European banks could be forced to shrink their balance sheets by as much as $3.8 trillion through 2013, or almost 7 percent of total assets, with a quarter of the deleveraging likely to come from cuts in lending and the remainder from sales of securities and noncore assets, the International Monetary Fund said Wednesday.

In its Global Financial Stability Report, the IMF warned that unless policymakers step up their response, European banks' massive deleveraging could slow the region's growth. Credit supply could shrink by 1.7 percent of present credit outstanding. Even under its baseline scenario, the IMF sees banks' combined balance sheets possibly shrinking by as much as $2.6 trillion.

So far, current policies have prevented a 'credit crunch', but if financial stress intensifies a large scale and synchronized deleveraging by European banks could do a serious damage to asset prices, credit supply and economic activity in Europe and beyond, said José Viñals, financial counselor and head of the IMFs Monetary and Capital Markets Department, which produced the report that studied the continent's 58 largest banks.

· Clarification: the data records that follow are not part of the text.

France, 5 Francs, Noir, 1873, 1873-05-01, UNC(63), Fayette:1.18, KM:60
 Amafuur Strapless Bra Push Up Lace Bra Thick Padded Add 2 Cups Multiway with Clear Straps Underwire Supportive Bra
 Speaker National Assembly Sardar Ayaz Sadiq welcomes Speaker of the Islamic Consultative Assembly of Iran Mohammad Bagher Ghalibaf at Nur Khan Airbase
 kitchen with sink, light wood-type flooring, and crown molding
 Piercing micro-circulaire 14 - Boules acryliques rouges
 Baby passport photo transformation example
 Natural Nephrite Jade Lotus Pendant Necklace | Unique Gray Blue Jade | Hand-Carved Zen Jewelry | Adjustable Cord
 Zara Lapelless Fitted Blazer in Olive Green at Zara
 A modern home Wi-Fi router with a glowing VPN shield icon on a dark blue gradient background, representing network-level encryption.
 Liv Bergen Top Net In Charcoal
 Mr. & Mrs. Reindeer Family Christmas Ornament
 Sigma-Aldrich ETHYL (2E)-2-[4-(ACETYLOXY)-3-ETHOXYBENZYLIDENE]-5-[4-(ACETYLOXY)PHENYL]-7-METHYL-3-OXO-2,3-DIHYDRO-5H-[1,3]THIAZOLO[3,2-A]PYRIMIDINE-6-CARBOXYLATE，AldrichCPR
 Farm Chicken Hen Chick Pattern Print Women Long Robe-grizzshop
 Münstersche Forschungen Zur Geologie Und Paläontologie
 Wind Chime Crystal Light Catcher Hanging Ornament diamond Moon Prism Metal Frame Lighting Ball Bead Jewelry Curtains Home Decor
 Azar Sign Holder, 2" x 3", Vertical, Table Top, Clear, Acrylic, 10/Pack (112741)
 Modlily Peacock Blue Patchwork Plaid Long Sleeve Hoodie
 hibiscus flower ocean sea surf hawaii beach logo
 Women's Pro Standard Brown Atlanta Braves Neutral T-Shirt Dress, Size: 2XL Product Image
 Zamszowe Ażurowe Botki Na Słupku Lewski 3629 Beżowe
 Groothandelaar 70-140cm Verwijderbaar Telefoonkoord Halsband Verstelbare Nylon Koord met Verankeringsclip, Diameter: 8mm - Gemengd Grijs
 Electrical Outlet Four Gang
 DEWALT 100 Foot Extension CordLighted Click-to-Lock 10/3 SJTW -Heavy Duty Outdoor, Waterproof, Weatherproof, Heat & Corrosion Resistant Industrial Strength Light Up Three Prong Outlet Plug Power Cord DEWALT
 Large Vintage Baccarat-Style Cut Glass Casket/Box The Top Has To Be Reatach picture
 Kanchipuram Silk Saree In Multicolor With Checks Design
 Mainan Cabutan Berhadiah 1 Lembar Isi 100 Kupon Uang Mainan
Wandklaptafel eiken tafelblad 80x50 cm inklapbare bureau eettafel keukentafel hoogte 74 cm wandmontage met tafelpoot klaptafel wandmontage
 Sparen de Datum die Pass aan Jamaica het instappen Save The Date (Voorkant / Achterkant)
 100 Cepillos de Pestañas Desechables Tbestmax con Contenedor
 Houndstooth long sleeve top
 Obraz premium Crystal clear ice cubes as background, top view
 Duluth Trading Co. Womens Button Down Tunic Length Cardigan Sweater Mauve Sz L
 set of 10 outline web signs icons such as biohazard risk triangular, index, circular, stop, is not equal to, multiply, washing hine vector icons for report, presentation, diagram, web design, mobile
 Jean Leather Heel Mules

The global economy suffered a major setback in late 2011 as concerns about financial stability in the euro area came to a head. Market stress spread throughout the currency zone, bond yields soared in peripheral economies, and liquidity evaporated as investors grew increasingly concerned about the risk of a disorderly bank failure or sovereign default.

European banks remain under pressure to strengthen their balance sheets and regain investor confidence. Deleveraging pressures in Europe's banking system risk could create an adverse feedback loop that could have further effects on economic activity, a major reason why Europe's economy is expected to suffer a mild recession this year and barely grow in 2013, the IMF said.

The 17 countries that use the euro currency will still likely see their economy shrink 0.3 percent this year, and expand by only 0.9 percent in 2013, the IMF projected.

European banks have been under pressure to reduce leverage since 2008, and have accomplished this by selling assets, and raising capital while limiting their cuts in lending to companies and households.

The key is to strike the right balance, as banks need to strengthen their balance sheets to increase their resilience over the long run. At the same time, it's essential to avoid large scale reductions in lending that may undermine economic growth and the global recovery.

Some deleveraging is healthy, the IMF said, since high leverage is no longer supported by either markets or regulators.

But like Goldilocks, the amount, pace, and location of deleveraging must be just right -- not too large, too fast or too concentrated in one region or country, said Viñals, adding that much remains to be done to build on the limited breathing room provided by recent policy steps.

The fund praised European leaders for bulking up the bailout fund and taking other important steps to address the crisis. Better policies would prompt a smaller, 6 percent contraction in banks' balance sheets, which would boost euro area growth by 0.6 percent. If, however, European policymakers fail to carry through their reform plans, bank balance sheets could shrink by as much as 10 percent, reducing euro area credit supply by 4.4 percent and gross domestic product by a further 1.4 percent by the end of 2013.

European banks stocks led the market lower. Shares of Deutsche Bank AG (NYSE: DB) fell 1.86 percent, to close at $45.45 a share, in Wednesday trading.Royal Bank of Scotland Group PLC (NYSE: RBS) lost 3.71 percent, to $7.78, while Lloyds Banking Group PLC (NYSE: LYG) fell 2.08 percent.